Nonautonomous symmetries of the KdV equation and step-like solutions

TL;DR

This paper investigates special solutions of the KdV equation governed by nonautonomous symmetries, revealing a family of step-like solutions that model decay of initial discontinuities, with implications for the Gurevich–Pitaevskii problem.

Contribution

It introduces a new class of solutions to the KdV equation derived from non-commutative symmetry constraints, connecting them to degenerate P5 equations and decay phenomena.

Findings

Identification of a 3-parameter family of solutions with oscillatory behavior near u=1.

Discovery of a two-parameter subfamily of step-like solutions with power-law asymptotics.

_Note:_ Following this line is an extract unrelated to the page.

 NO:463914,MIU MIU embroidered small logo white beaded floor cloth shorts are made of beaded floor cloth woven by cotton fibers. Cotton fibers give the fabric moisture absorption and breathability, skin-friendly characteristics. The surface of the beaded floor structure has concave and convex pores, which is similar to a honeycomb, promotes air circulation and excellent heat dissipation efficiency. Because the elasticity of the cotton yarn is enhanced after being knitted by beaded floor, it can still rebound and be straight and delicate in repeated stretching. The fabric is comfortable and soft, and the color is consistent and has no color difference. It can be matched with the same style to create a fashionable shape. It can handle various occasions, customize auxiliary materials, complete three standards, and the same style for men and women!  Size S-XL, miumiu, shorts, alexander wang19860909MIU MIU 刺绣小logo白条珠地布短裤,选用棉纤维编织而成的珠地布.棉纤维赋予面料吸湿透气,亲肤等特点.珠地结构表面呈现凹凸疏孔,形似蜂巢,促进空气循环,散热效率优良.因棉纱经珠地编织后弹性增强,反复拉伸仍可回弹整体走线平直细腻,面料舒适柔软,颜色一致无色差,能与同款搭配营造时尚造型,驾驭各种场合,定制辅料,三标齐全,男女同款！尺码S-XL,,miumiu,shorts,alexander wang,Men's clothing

Application of these solutions to model decay of initial discontinuities in the Gurevich–Pitaevskii problem.

Abstract

We study solutions of the KdV equation governed by a stationary equation for symmetries from the non-commutative subalgebra, namely, for a linear combination of the master-symmetry and the scaling symmetry. The constraint under study is equivalent to a sixth order nonautonomous ODE possessing two first integrals. Its generic solutions have a singularity on the line $t=0$. The regularity condition selects a 3-parameter family of solutions which describe oscillations near $u=1$ and satisfy, for $t=0$, an equation equivalent to degenerate $P_5$ equation. Numerical experiments show that in this family one can distinguish a two-parameter subfamily of separatrix step-like solutions with power-law approach to different constants for $x\to\pm\infty$. This gives an example of exact solution for the Gurevich--Pitaevskii problem on decay of the initial discontinuity.